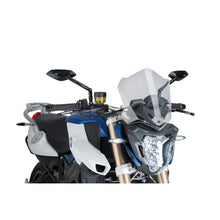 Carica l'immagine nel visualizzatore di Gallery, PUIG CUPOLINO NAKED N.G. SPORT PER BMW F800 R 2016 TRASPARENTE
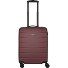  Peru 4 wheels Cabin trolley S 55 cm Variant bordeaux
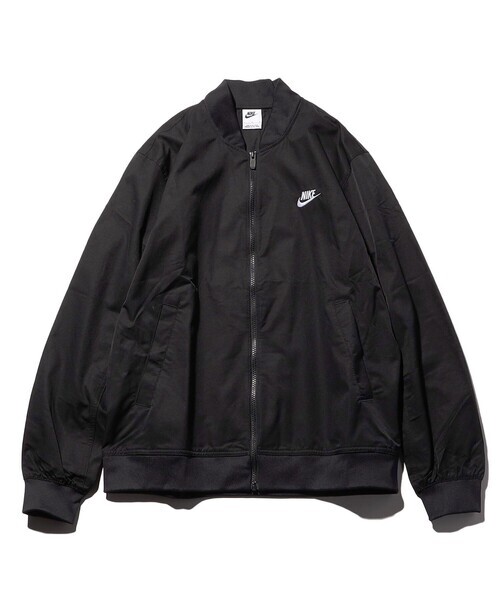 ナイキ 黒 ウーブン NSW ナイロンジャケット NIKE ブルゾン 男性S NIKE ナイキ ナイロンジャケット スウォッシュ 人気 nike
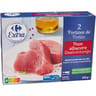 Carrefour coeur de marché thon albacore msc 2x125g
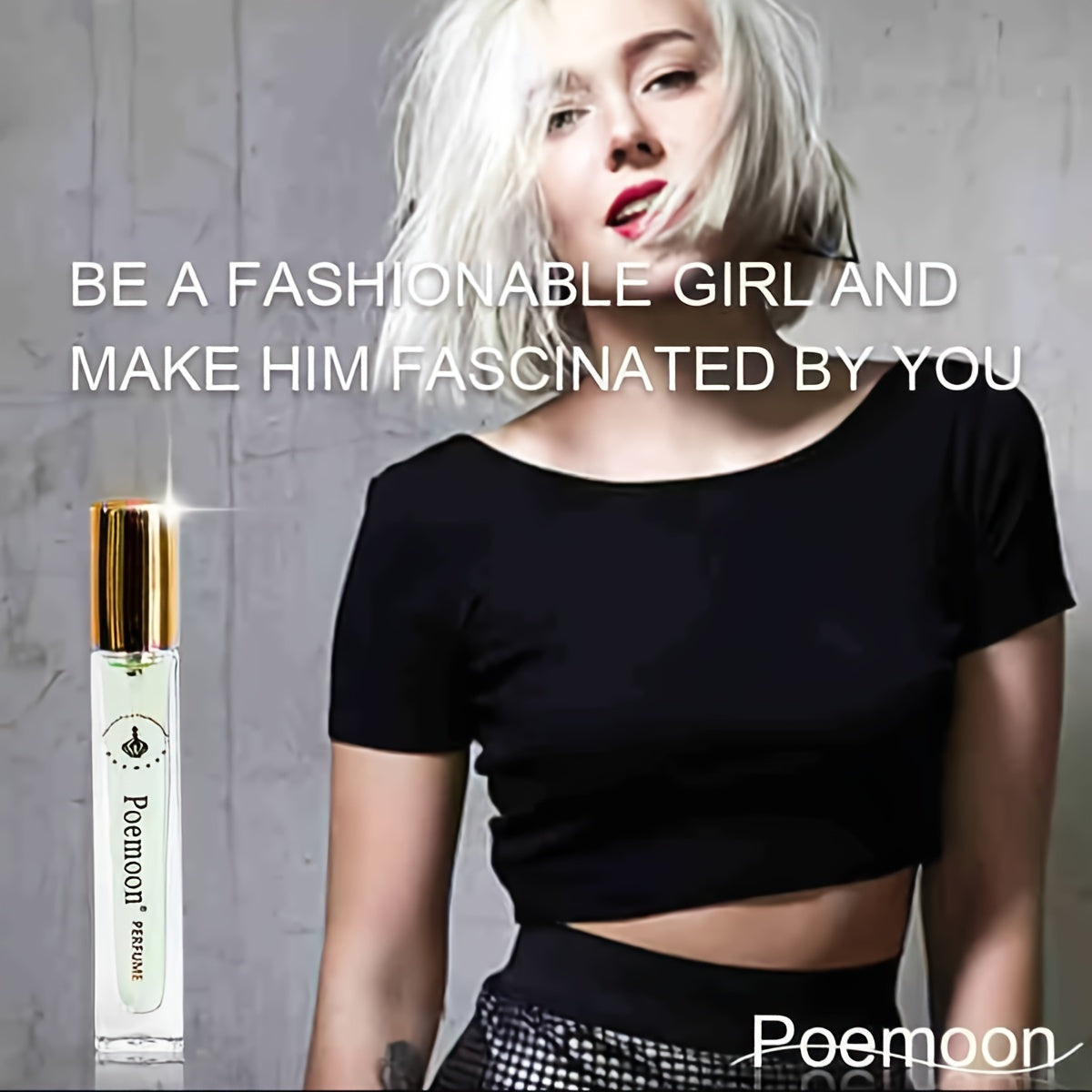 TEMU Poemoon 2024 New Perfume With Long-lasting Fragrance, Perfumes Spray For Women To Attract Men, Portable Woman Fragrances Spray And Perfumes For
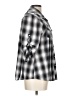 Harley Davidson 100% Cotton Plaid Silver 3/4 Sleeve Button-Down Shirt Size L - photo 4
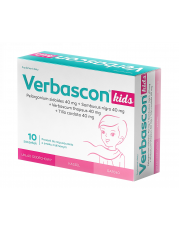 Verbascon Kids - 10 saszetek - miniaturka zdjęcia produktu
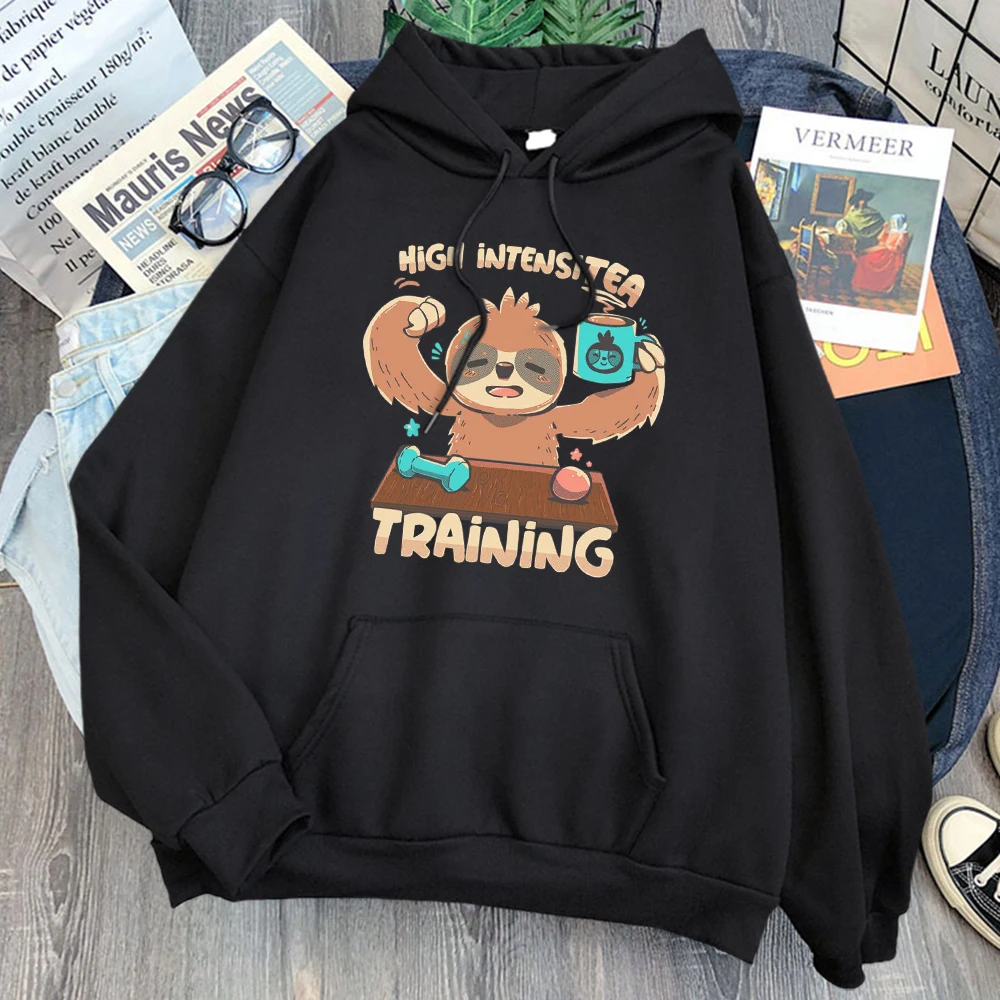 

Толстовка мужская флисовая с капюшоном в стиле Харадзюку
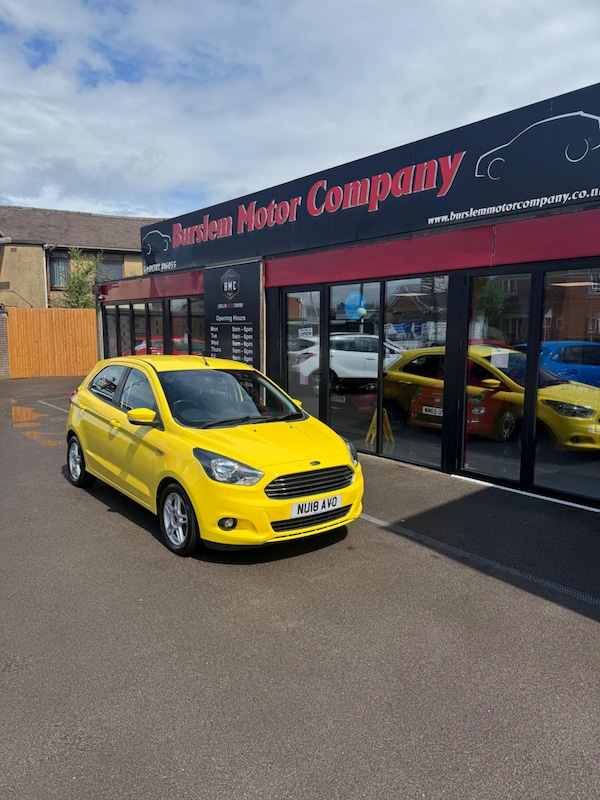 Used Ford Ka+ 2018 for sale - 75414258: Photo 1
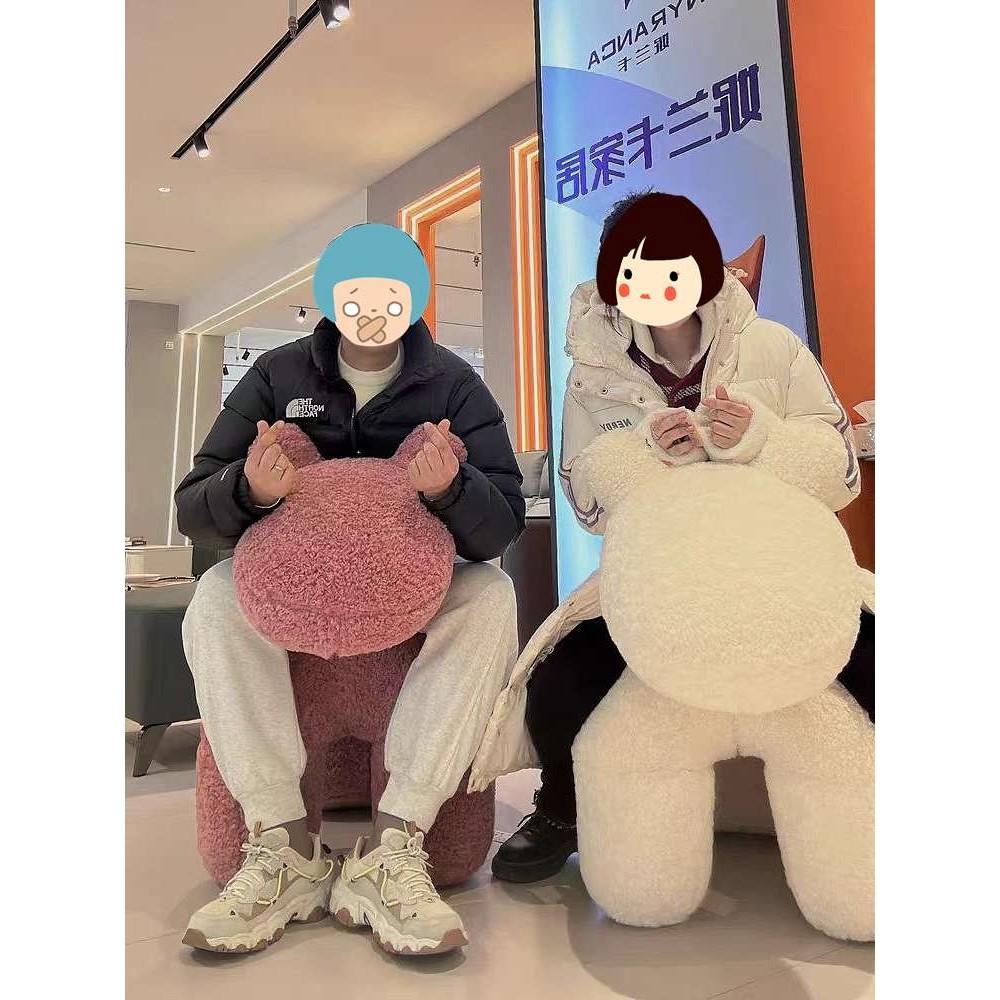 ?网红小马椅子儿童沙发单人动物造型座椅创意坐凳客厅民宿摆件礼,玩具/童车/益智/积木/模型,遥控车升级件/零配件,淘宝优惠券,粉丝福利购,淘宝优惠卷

...

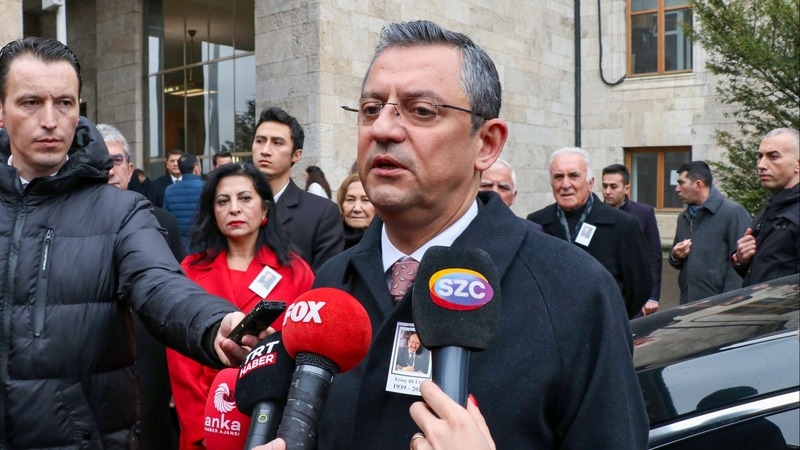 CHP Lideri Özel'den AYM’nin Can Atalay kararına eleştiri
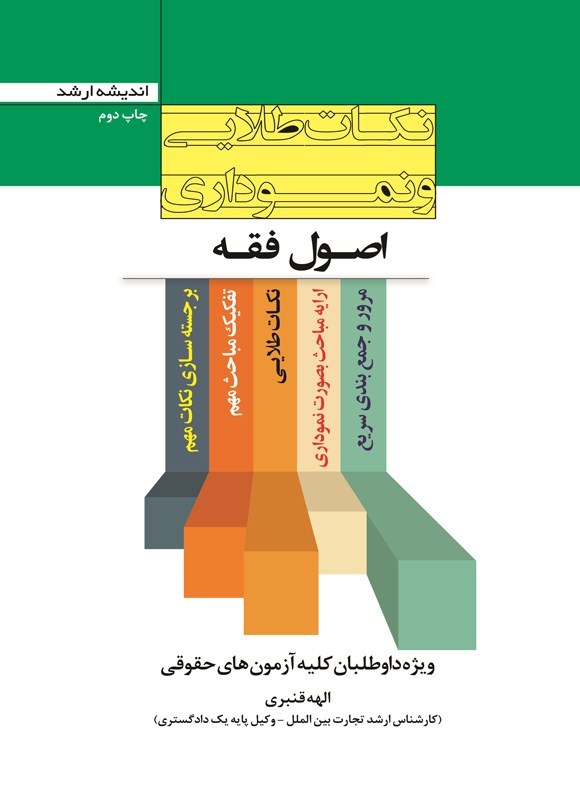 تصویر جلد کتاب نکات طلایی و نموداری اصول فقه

▶ [EXERCISE DIRECTIONS]: Your answer should consist of the lines above between those holding "Carica l'immagine nel" and "Harley Davidson 100%", inclusive, reproduced word for word and without pictures.

▶ [THE ANSWER]:
 Carica l'immagine nel visualizzatore di Gallery, PUIG CUPOLINO NAKED N.G. SPORT PER BMW F800 R 2016 TRASPARENTE
  Peru 4 wheels Cabin trolley S 55 cm Variant bordeaux
 ナイキ 黒 ウーブン NSW ナイロンジャケット NIKE ブルゾン 男性S NIKE ナイキ ナイロンジャケット スウォッシュ 人気 nike
 Carrefour coeur de marché thon albacore msc 2x125g
 TEMU Poemoon 2024 New Perfume With Long-lasting Fragrance, Perfumes Spray For Women To Attract Men, Portable Woman Fragrances Spray And Perfumes For
 Harley Davidson 100% Cotton Plaid Silver 3/4 Sleeve Button-Down Shirt Size L - photo 4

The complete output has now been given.